Het lichaam van de kunstenaar presenteert zich als een levend altaar, aangeboden voor een moment van reflectie, van meditatie, gebed, verzoek, niet voor een god of heiligen, maar voor de wereld.
In de christelijke religie betekent het aansteken van een kaars het openen van je hart voor God en het opheffen van een gebed tot Hem. Het is ook de manier om uitdrukking te geven aan je gehechtheid aan een bepaalde heilige, door hem een verzoek te sturen of zelfs te bedanken. Een offer begeleidt dit proces.
Hier wordt het ritueel voorgesteld om jezelf in staat te stellen je zorgen, je angst en je verdriet over de wereld te uiten; het is een manier om te reageren op de ecologische wanhoop die we momenteel ervaren.
Deze voorstelling is zowel geïnspireerd door de rituelen van de kunstenaar in een kring van vrouwen om onder andere de zonnewendes en equinoxen te vieren, als door het essay van Joanna Macy, ‘Acting with Environmental Despair’, waarin de vraag wordt gesteld: ‘Kunnen we onze pijn voor de wereld erkennen en ermee leven op een manier die ons bestaan bevestigt en ons vermogen om te handelen vrijmaakt? “.

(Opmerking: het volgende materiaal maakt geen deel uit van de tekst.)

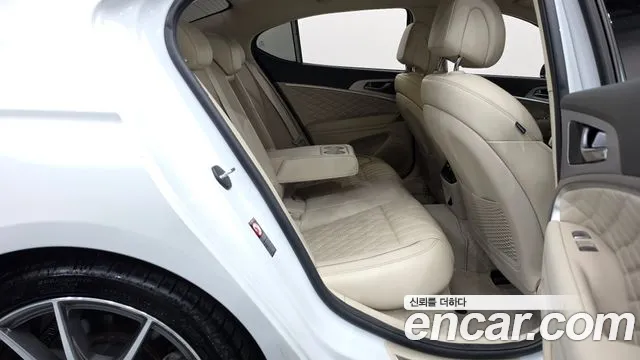 Genesis G70 2020 thumb 11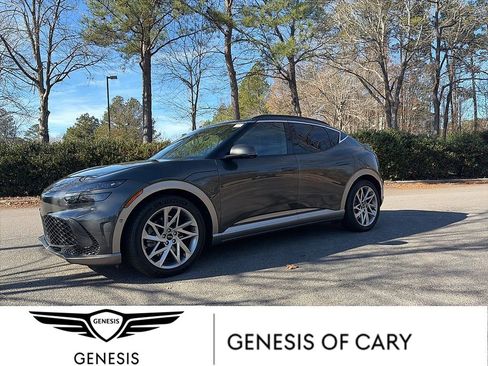 Used 2025 Genesis GV60 Advanced image 1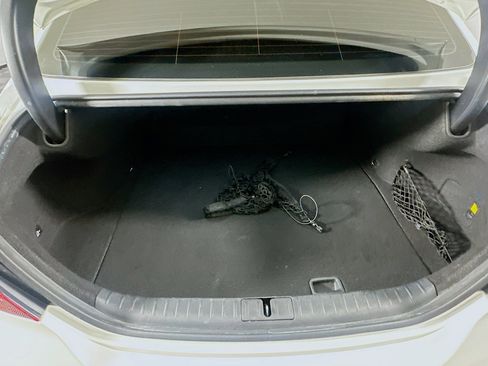 Used 2022 Genesis G70 3.3T w/ Sport Advanced Package image 28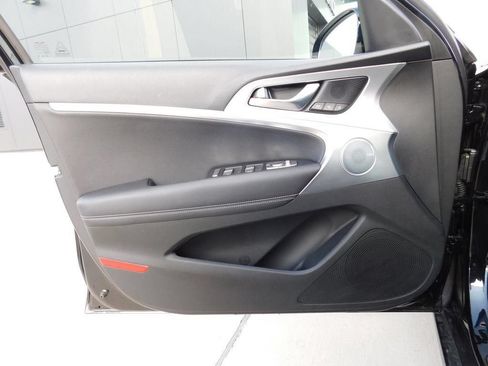 Used 2026 Genesis G70 2.5T Prestige RWD image 11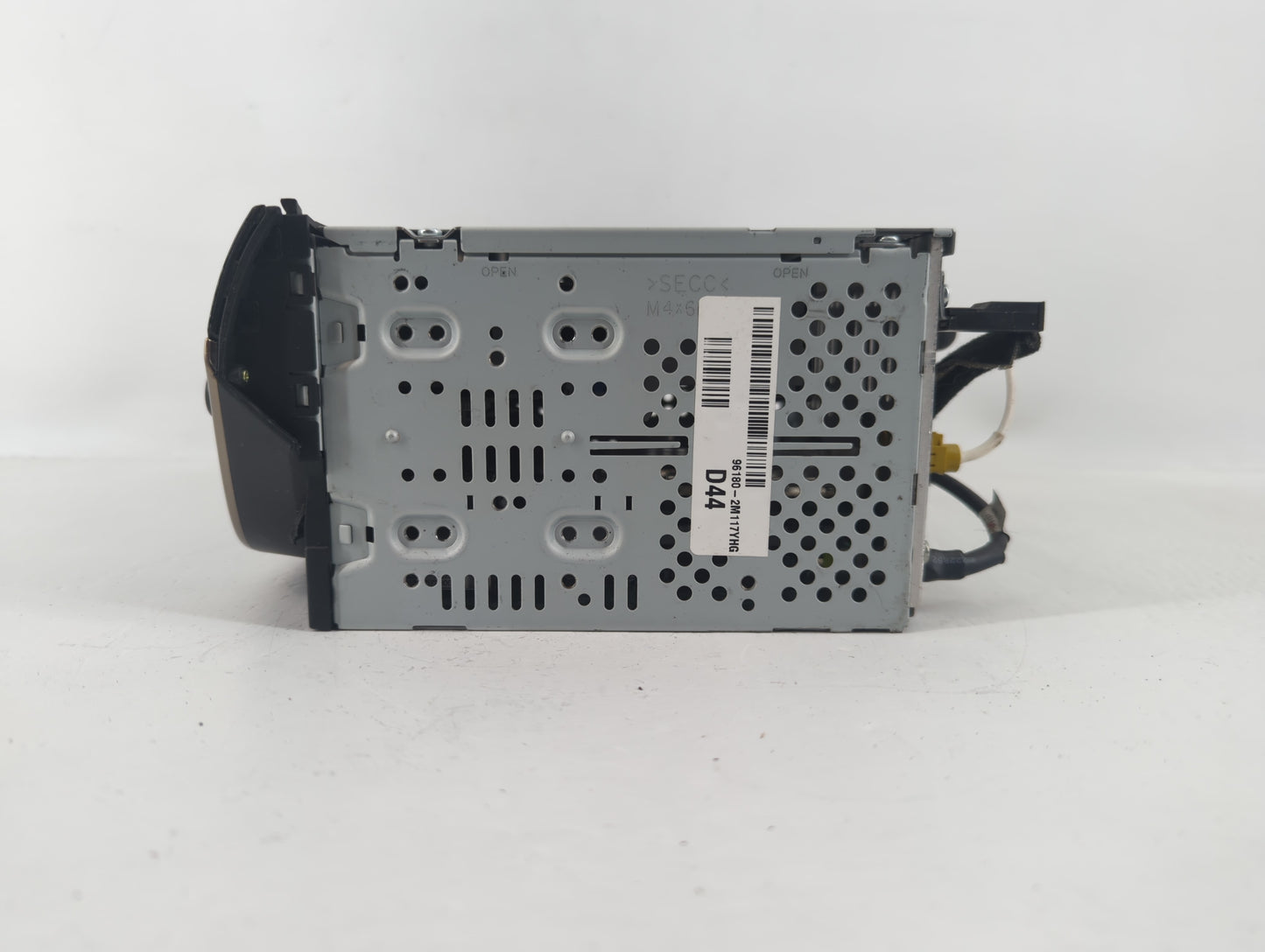 2013-2013 Hyundai Genesis Am Fm Cd Player Radio Receiver - Oemusedautoparts1.com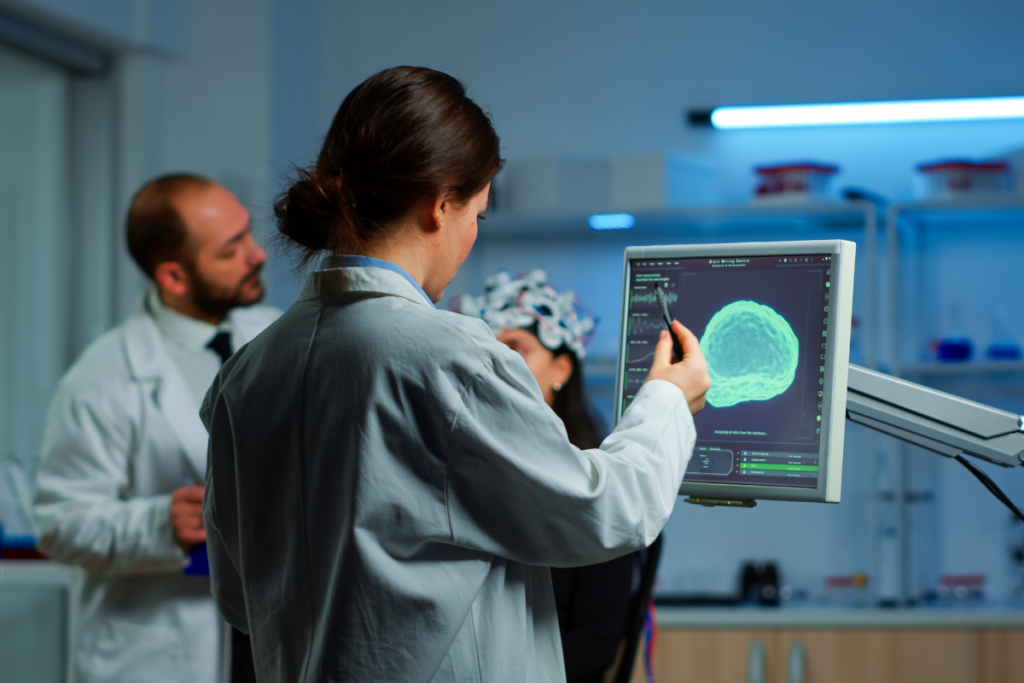 Un equipo médico analiza imágenes cerebrales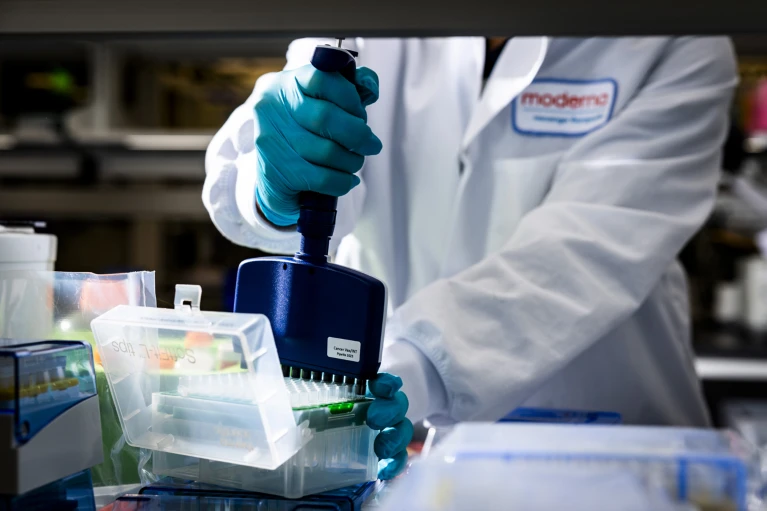 mRNA癌症疫苗Ⅲ期临床首获成功  个体化抗癌正从科幻快步走向现实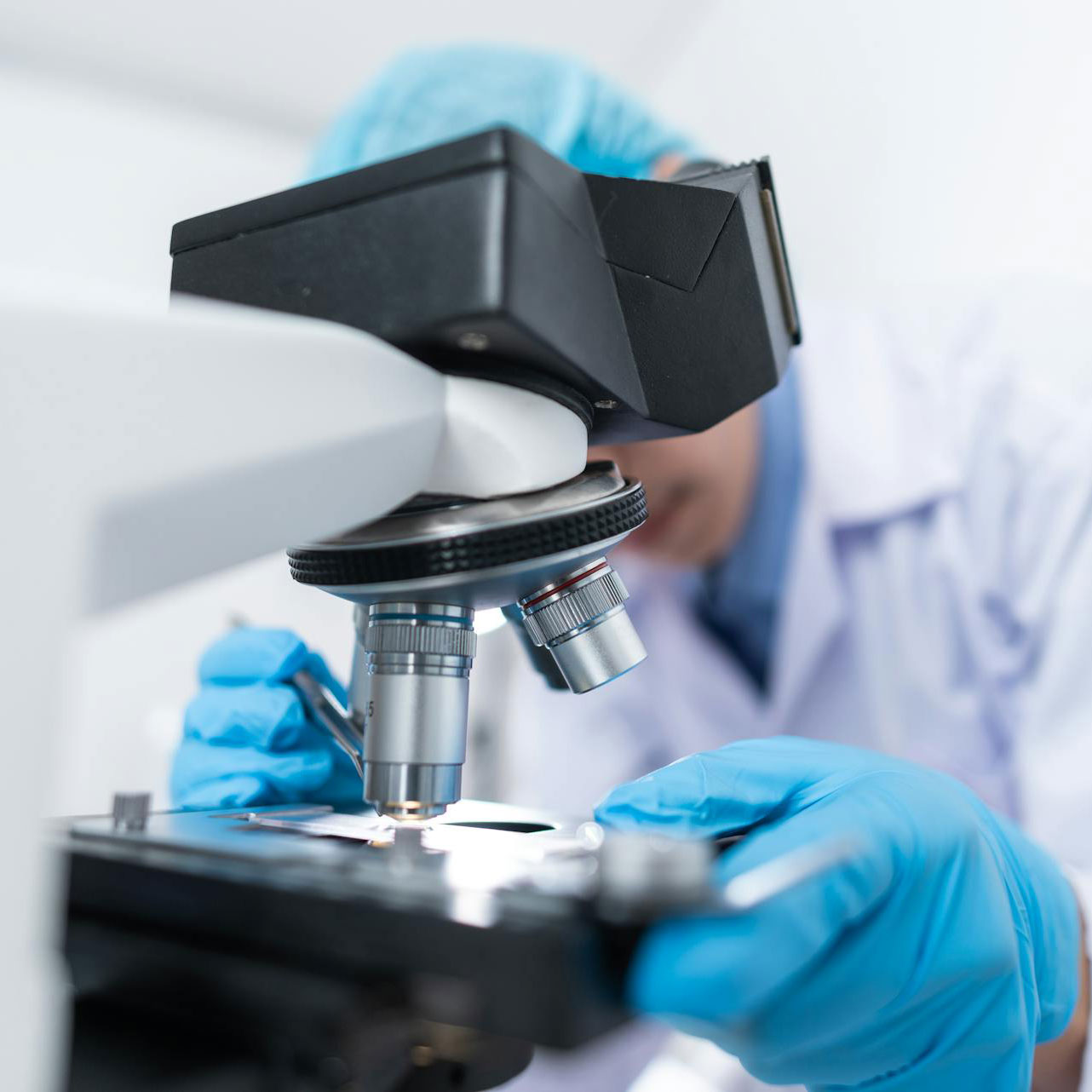 Prequel Genetics &egrave; un laboratorio diagnostico di nuova generazione, fondato da un team di professionisti senior con oltre 15 anni di esperienza nei principali laboratori di genetica medica. In collaborazione con la Temple University (Philadelphia, USA), forniamo soluzioni genomiche all&rsquo;avanguardia a medici in tutto il mondo. Molto pi&ugrave; che semplici test: puntiamo su una vera collaborazione, fornendo ai nostri distributori test scientificamente rigorosi e ad alta produttivit&agrave;, in tutte le principali aree cliniche.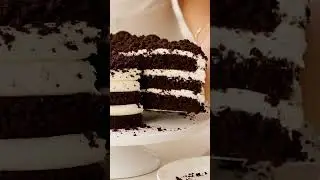 Oreo cake ASMR 🎂 #asmr #asmrfood #asmrsounds #satisfying #trending #asmrshorts #shorts #viralshorts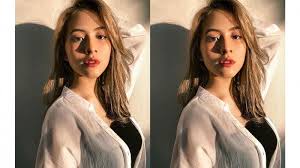 Seperti biasa aku bakal ngebagiin video yang lagi viral di media sosial dan linknya udah di sediakan di deskripsi dan 100% work. Bsnx2izqhdwm M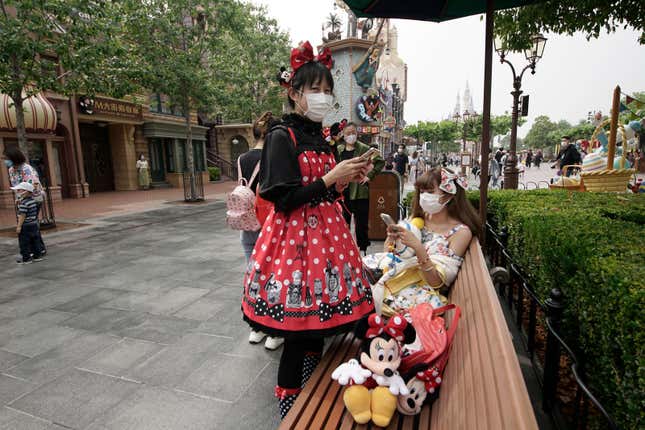 Imagen para el artículo titulado Un paseo en imágenes por la Disneylandia de la nueva normalidad tras el coronavirus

Een jaar geleden werd een eerste versie van deze voorstelling gepresenteerd tijdens het Trouble festival. In dit kader werden ruim zestig verdrieten aan de voet van het hoofdaltaar geplaatst. Deze anonieme zinnen worden tussen 11 april en 1 september tijdens verschillende gelegenheidssessies naast elkaar gegraveerd op een van de wanden van de tentoonstelling.